It has been a while since I wrote a blog post to my website. I have several excuses on why I’ve not written lately,
1) I have not had a really good idea to write about,
2) I’ve been really busy teaching. (Most of my students don’t take as many classes as I teach)
3) My health has not been well this last year, I have suffered a broken arm and some bizarre neurological vertigo episodes, and recently the varicella zoster virus decided to play havoc with my body after living dormant in my dorsal root ganglion for thirty-five years.
4) I’m going up for tenure this year, and have been bearing my soul too often enough, and I worry that I might say something that might deny my chance to continue teaching at the university, but it also means that I’m always racing to add all sorts of accolades at the last minute to my documentation.
But despite all those excuses, I figured I would write something new, and perhaps take a break from the crazy hectic nature of my life. And that is where this page takes stage, as a place to think out creative thoughts on science and the nature of discovery on well caffeinated late Friday afternoon.
Despite my busy life, I can occasionally finish out a book or two, and one of my summer reads was Hope Jahren’s book called Lab Girl. I highly recommend the book, and if you don’t have the money to purchase a copy, you can visit her blog, and get a taste of her whimsy and writing style. I’m a science geek, who known Hope Jahren mostly from the research she does on plants, carbon isotopes, and paleoclimate research, but the book is more about what it is like to be a scientist in the modern day. And what the heck scientists do all day for that matter. In the end it portrays science as something not particularly fun nor glorifying. But a job.

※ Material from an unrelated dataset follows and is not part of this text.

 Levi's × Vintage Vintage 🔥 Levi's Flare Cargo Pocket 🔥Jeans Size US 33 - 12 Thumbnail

Science today is 90% begging people for money to do science, 5% presenting the science you do get funding for and 5% teaching other people what you already know. While you outsource the “doing science” itself to students or lab assistants, and so in the end it can seem that science is no longer a creative endeavor.

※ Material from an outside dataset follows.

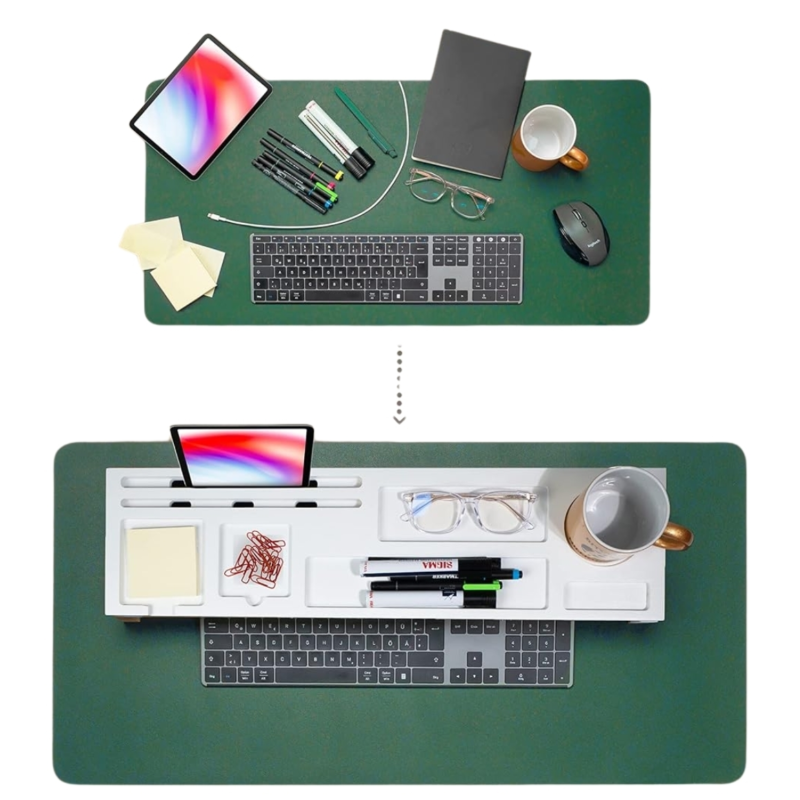 Rubberneck bamboe bureau organizer wit 60 cm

But there is one part in the book that Hope Jahren touches upon that struck me as the reason we do science in this modern day age of excessive information: when we make a new discovery.
In her book she describes how she discovered the chemistry behind the Celtis seed’s perseverance in the rock record. She discoveried that the seeds are made of silica (opal). It is not a major discovery, but a small one (the chemistry behind a seed), but it was her own discovery, her own addition to the great knowledge out there on plants that exists.
This got me thinking about how precious scientific discovery really is. In an age where my students google every question, and knowledge is won by simply asking Siri on your phone, the notion of where that knowledge came from is lost in the ease for which it is freely available on the internet.
But new knowledge is more precious than ever, and each new discovery, even something tiny adds to the multiples of previous aggregated knowledge. Discovery is made in the details, in the chemistry of seeds, or tiny fossils in museum cabinets. The discoveries don’t overturn well established theories nor do they make the pages of newspapers (or Facebook feeds), but add to the evidence of well-worn questions and responses. Hidden in rarely read academic texts.
The nature of scientific discovery is not in the glitz and glamour of outrageous claims, or the crass political discourses on social media, nor debated in a court room. They are verified and measured, verified and measured in the tense boring language of science.
But there is something magically, when you can add a small piece to the body of knowledge out there, and we should take a mindful moment as scientists to sit back and enjoy and treasure those moments of discovery.